Several transgender-focused organizations in San Francisco are reportedly facing significant funding uncertainty, leaving staff and communities anxious about their futures. It's a stressful situation for the people involved — and also a case study in why tying your organization's survival to government grants is a risky bet no matter who you are.
Let's be clear: nonprofits serve real people with real needs, and nobody should celebrate the prospect of vulnerable San Franciscans losing access to services they rely on. That's not the point here.
The point is structural. San Francisco has long operated under the assumption that the pipeline of federal, state, and local dollars flowing to community-based organizations would never slow down. City Hall has built an entire ecosystem of nonprofits that function as quasi-government service providers — funded almost entirely by taxpayer money, with little incentive to diversify revenue or build financial resilience.
This isn't unique to trans organizations.

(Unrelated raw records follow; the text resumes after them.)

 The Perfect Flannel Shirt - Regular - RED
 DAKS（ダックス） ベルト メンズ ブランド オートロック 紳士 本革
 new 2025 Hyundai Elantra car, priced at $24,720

It's a citywide problem. When the political winds shift — at any level of government — organizations that are 80-90% dependent on public funding find themselves, as one advocate put it, "on pins and needles."

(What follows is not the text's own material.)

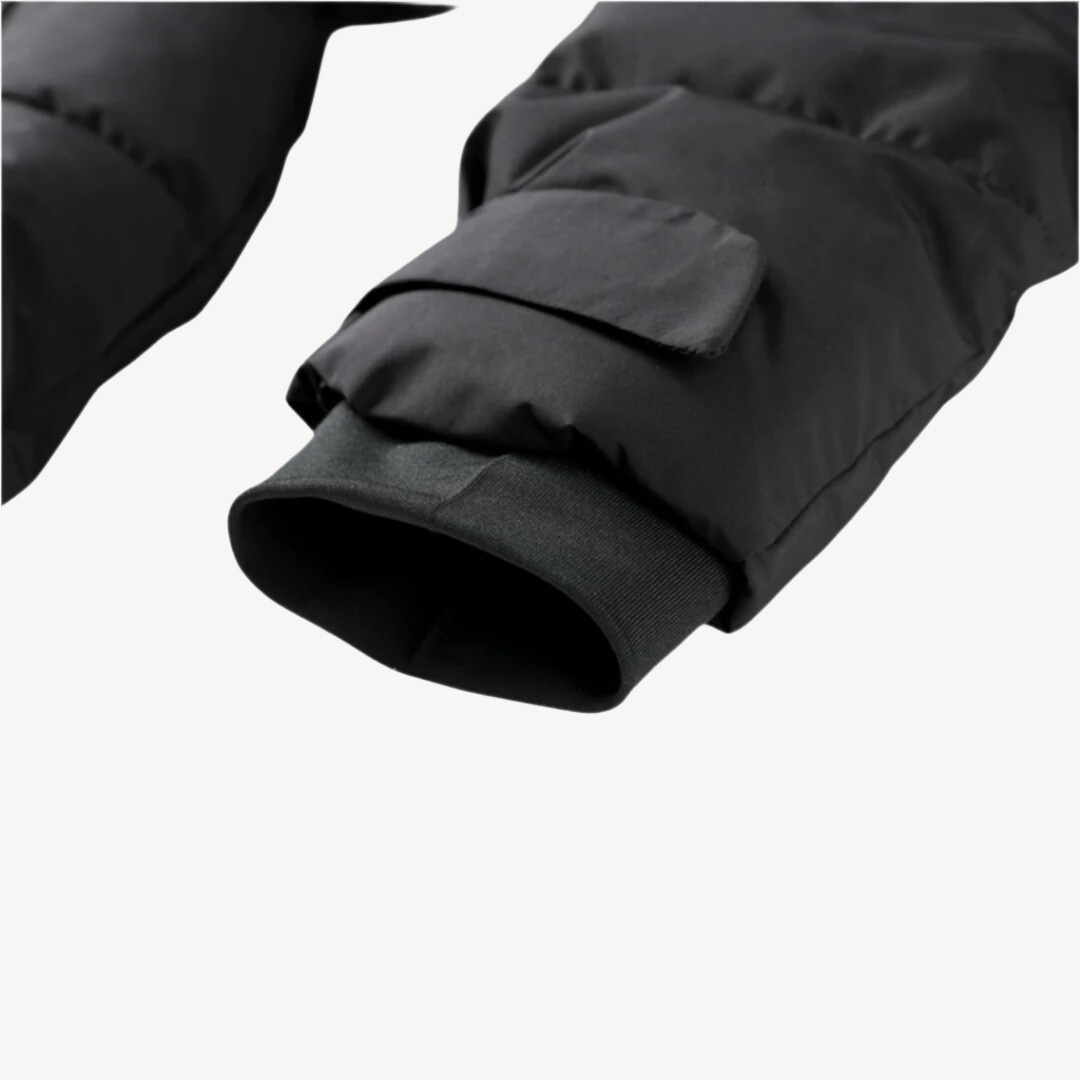 Skijacke Winterjacke | Pufferjacke Taillierter Schnitt mit Gürtel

That's not empowerment. That's dependency.
A fiscally responsible city would encourage nonprofits to build diverse funding bases. It would create environments where private philanthropy, earned revenue, and community fundraising supplement — not merely decorate — government contracts. Instead, San Francisco has spent decades growing a nonprofit-industrial complex where survival means winning the next grant cycle, not building a sustainable organization.
We should want these communities to have durable support systems. But durable means not collapsing every time a budget line item gets questioned. The current model fails everyone: the organizations living grant-to-grant, the communities they serve, and the taxpayers funding a system designed for fragility rather than resilience.
Funding uncertainty is scary. But the real scandal is a city that never encouraged anything else.